Dernière manière d’historiciser Mgr Heim : L’Église en armes, d’Édouard Bouyé, qui précède le travail du jeune prélat. L’actuel directeur des archives départementales de Côte-d’Or (il dirigeait celles du Cantal lorsque son texte a été rédigé) est lui-même spécialiste d’héraldique ecclésiastique médiévale. Son texte ouvre excellemment la réédition. Il introduit à l’homme et à son travail, en soulignant des apports que le contemporanéiste ne pourrait voir. Il utilise les travaux d’histoire culturelle de l’héraldique et des couleurs de Michel Pastoureau pour expliquer la couleur verte (et non violette) du chapeau épiscopal et l’appropriation du violet par le costume lui aussi épiscopal. Il exploite les archives du cardinal Jacques Martin (1908-1992), ancien préfet de la Maison Pontificale, pour souligner l’importance de la passion héraldique chez les clercs. Il utilise sa science héraldique et historique pour attirer l’attention sur l’usage des symboles papaux chez Benoît XVI. Bref, il multiplie les pistes pour illustrer l’intérêt et l’actualité de Mgr Heim.
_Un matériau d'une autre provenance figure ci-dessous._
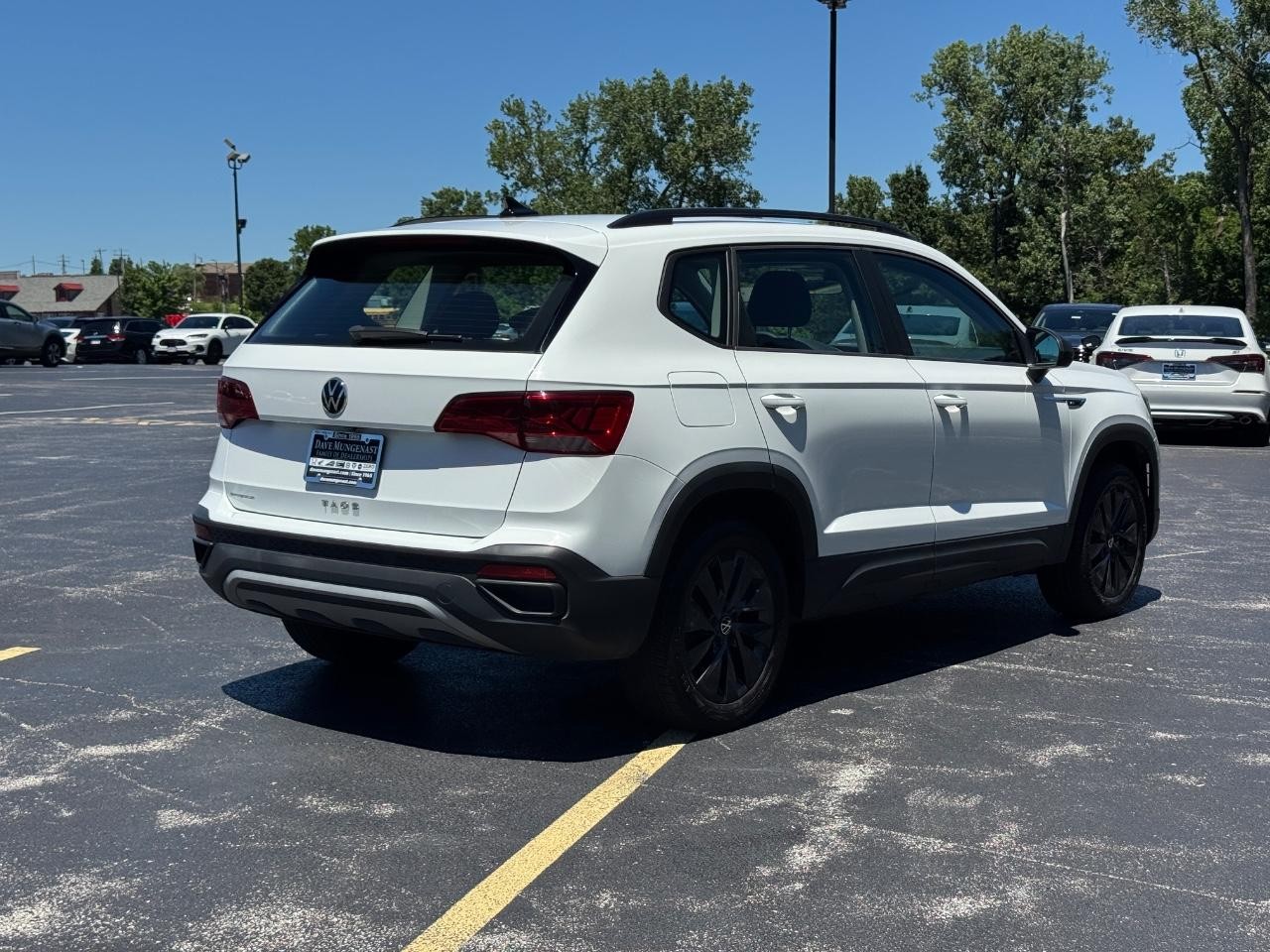 Volkswagen Taos Vehicle Full-screen Gallery Image 04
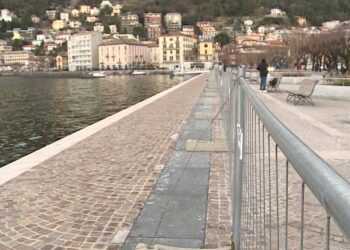 paratie lungolago Como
Et l’on ne peut que le suivre, tant les symboles demeurent puissants. Il n’est pour s’en convaincre que de visiter le blog de l’Argentin Alejandro Pomar, amateur d’héraldique, et ses pages consacrées aux « armoiries pseudo-ecclésiastiques » qu’il croise de-ci de-là (http://heraldicaargentina.blogspot.fr/search/label/her%C3%A-
1ldica%20pseudoeclesi%C3%A1stica). Les armes continuent encore et toujours à être des instruments de légitimation pour les clercs vagus, les entrepreneurs de religion, les papes alternatifs, et tous les autres.